- [PROBLEM DESCRIPTION]:
Please keep to the lines below from the one with "Contact us today" through the one with "Welcome to Belize", and restate them word for word, ends included.

- [MATERIAL SUPPLIED]:
_____

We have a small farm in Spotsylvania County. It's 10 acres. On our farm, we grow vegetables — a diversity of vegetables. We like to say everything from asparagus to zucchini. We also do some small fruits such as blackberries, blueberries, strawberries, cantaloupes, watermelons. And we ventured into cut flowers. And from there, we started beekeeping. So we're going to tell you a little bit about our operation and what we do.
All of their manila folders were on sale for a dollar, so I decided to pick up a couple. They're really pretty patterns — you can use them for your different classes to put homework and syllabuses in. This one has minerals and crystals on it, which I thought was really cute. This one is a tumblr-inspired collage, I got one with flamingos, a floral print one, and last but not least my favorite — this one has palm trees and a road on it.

_____

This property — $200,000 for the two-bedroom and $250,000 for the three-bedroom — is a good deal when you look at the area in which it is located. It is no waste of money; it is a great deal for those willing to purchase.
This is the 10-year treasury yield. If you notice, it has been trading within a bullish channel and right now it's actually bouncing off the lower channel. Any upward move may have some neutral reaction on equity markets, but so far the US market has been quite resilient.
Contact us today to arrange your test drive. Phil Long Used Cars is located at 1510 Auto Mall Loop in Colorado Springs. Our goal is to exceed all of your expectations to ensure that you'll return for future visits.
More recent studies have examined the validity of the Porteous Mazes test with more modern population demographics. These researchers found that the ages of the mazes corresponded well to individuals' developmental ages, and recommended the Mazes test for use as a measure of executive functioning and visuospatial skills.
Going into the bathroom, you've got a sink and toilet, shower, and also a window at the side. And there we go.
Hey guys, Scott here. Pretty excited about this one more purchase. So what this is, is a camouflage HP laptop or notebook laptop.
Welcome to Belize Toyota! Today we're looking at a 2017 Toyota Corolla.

_____

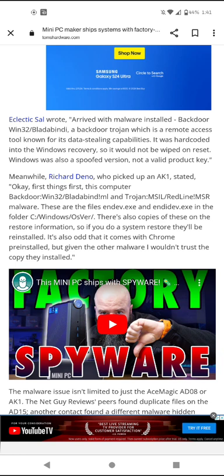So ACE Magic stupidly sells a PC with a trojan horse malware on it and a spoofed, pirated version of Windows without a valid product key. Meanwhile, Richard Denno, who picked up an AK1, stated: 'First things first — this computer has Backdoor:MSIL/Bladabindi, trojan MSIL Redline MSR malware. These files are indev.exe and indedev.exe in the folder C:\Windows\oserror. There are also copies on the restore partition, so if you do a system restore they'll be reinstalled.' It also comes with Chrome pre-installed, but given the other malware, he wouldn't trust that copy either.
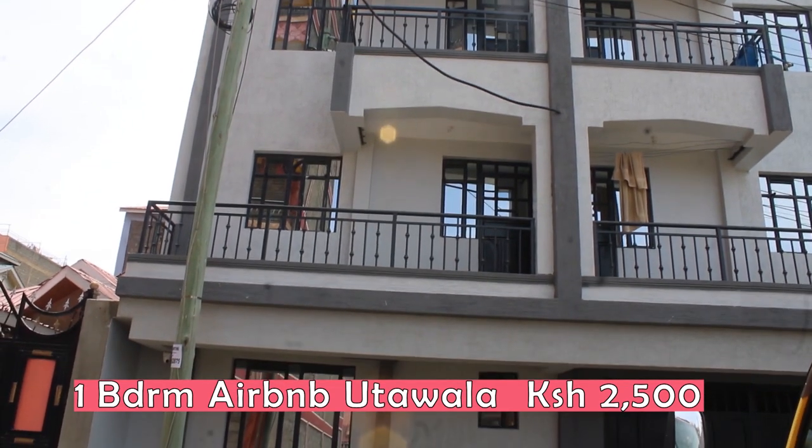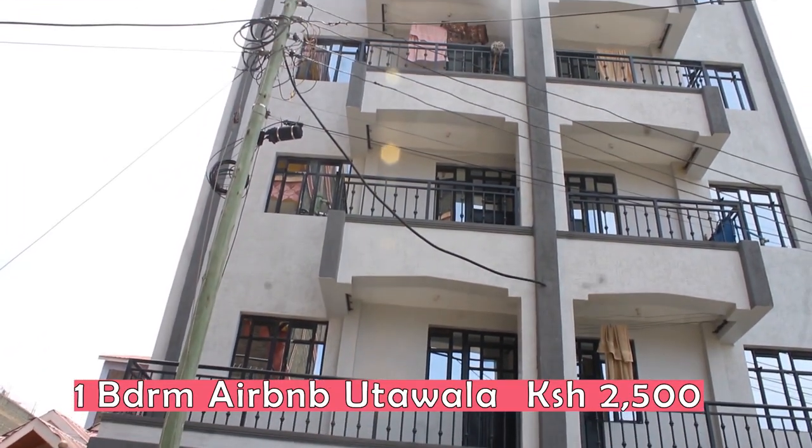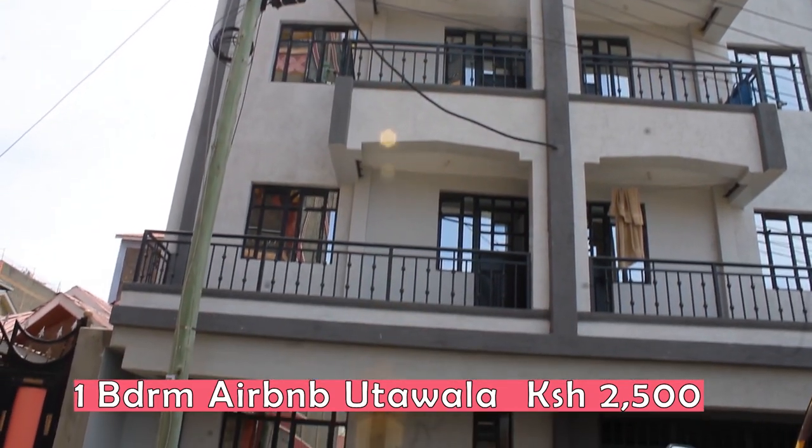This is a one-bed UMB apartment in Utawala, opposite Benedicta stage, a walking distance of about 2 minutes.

_____

- [ANSWER TO THIS EXERCISE]:
Contact us today to arrange your test drive. Phil Long Used Cars is located at 1510 Auto Mall Loop in Colorado Springs. Our goal is to exceed all of your expectations to ensure that you'll return for future visits.
More recent studies have examined the validity of the Porteous Mazes test with more modern population demographics. These researchers found that the ages of the mazes corresponded well to individuals' developmental ages, and recommended the Mazes test for use as a measure of executive functioning and visuospatial skills.
Going into the bathroom, you've got a sink and toilet, shower, and also a window at the side. And there we go.
Hey guys, Scott here. Pretty excited about this one more purchase. So what this is, is a camouflage HP laptop or notebook laptop.
Welcome to Belize Toyota! Today we're looking at a 2017 Toyota Corolla.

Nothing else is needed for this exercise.